Speaking with confidence


Since I overcame my fear of public speaking, I’ve received some compliments on my relaxed and natural speaking style. It still seems astonishing to me that anyone would want to know my “secrets” on speaking with confidence in public.  But when I think of all the hard work I have put into being successful at something that held the power of so much terror, I know it’s worth sharing.

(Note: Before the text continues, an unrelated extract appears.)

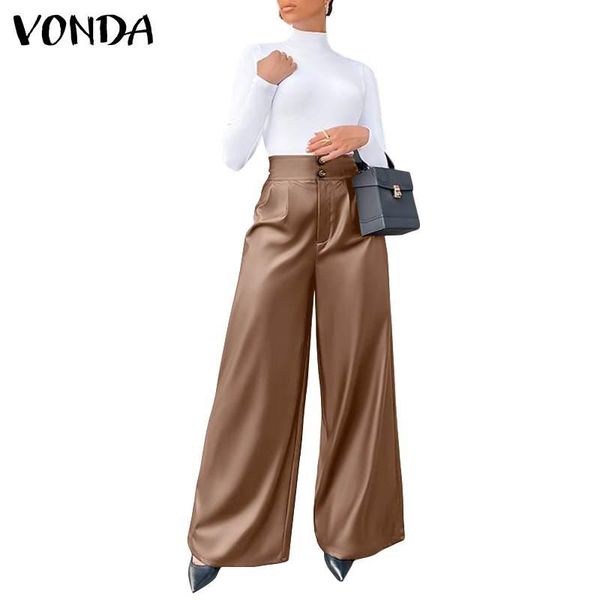 plus size elegant women pu leather pants casual high waist office lady wide leg long trousers pantalones femme women's & capris, Black;white
plus size elegant women pu leather pants casual high waist office lady wide leg long trousers pantalones femme women's & capris, Black;white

Whether I am leading my umpteenth team meeting or pitching to a totally unknown audience, for me preparation is key.  The amount of preparation depends on the situation. What it comes down to is this.  If I need to deliver a specific set of information and make sure I am connecting with my audience, I need structure.

What’s your strategy?

The first thing I do is to map out a strategy.  What is the key information I need to share? What is the information I need from my audience? So, yeah, I’m a list maker and an outline kind of girl. For something like a recurring team meeting, I may only need two minutes to put my thoughts into order and be ready to go. But if I don’t take those two minutes to focus on what I want and need to accomplish in the meeting,, I’m never as effective or productive.  And often I walk away having missed an opportunity. My bet is the meeting attendees walk away with less of a feeling of time well spent as well.

Structure your content

If it’s a presentation, I go a lot deeper than that. I start with the bone structure of my content – ordering and prioritizing content at it’s simplest level and I build from there, step by step. It goes something like this :

  • List of content topics (bullets)

  • Order/prioritize the content (outline)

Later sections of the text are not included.